Diabetes patients may wish to use soap and water to wash their feet, and special soaps are available on with a doctor's recommendation to provide additional cleansing. They should use warm water and a soft clot as well. It's also important to rub the dirt from the soles, grime from between the toes, and dust and other dirtiness from the tops of the feet. As individuals wash, they should take the time to look for redness, sores, and swelling. Many patients prefer to wash their feet in the evenings, and some may also wish to wash their feet following exercise or time spent outdoors. Foot baths can be used for cleansing and are especially soothing. When these individuals wash their feet, they have a chance to observe and take care of them. Patients might install a chair in their shower or take baths so they can focus on washing their feet.

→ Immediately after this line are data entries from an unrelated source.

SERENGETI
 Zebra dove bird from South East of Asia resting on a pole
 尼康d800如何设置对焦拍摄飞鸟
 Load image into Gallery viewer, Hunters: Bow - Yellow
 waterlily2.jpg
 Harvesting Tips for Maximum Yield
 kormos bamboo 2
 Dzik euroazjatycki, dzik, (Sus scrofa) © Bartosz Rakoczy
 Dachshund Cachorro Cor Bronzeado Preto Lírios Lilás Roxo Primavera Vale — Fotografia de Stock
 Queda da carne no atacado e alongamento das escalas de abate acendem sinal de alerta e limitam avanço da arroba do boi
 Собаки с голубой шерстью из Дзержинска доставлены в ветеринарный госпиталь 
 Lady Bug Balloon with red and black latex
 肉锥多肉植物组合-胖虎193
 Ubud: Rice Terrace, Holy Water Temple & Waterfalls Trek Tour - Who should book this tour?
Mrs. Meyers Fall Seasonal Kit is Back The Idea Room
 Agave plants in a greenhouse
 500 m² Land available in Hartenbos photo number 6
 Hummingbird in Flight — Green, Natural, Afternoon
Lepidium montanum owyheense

Always Wear Socks With Shoes

Individuals should always wear socks with shoes and make sure they get comfortable shoes that offer a lot of support. Individuals dealing with advanced neuropathy in their feet may find it may help to talk to a podiatrist or orthopedist about the footwear that's best for them. Socks are important because they add another level of support and protection. The socks must fit comfortably and should not be tight enough to cut off circulation. If an individual has Charcot foot that's significantly changed the shape of their foot, they may need to change their sock size or get custom socks. Socks and shoes can provide support around the house as well as outside.

Keep Monitoring Feet

Charcot foot patients should keep monitoring their feet on an ongoing basis, which means having regular checkups with a foot doctor who knows how to treat neuropathy-related foot issues. There should be daily checks performed, and patients should make note of any areas of redness, swelling, unusual warmth, or sores. It's also important to not forget to check between the toes. As mentioned, this is a good thing to do while individuals wash their feet each day. If a patient notices anything unusual, they should speak to a doctor as soon as they can. Early detection makes a huge difference when treating Charcot foot, whether this is a new or recurrent issue.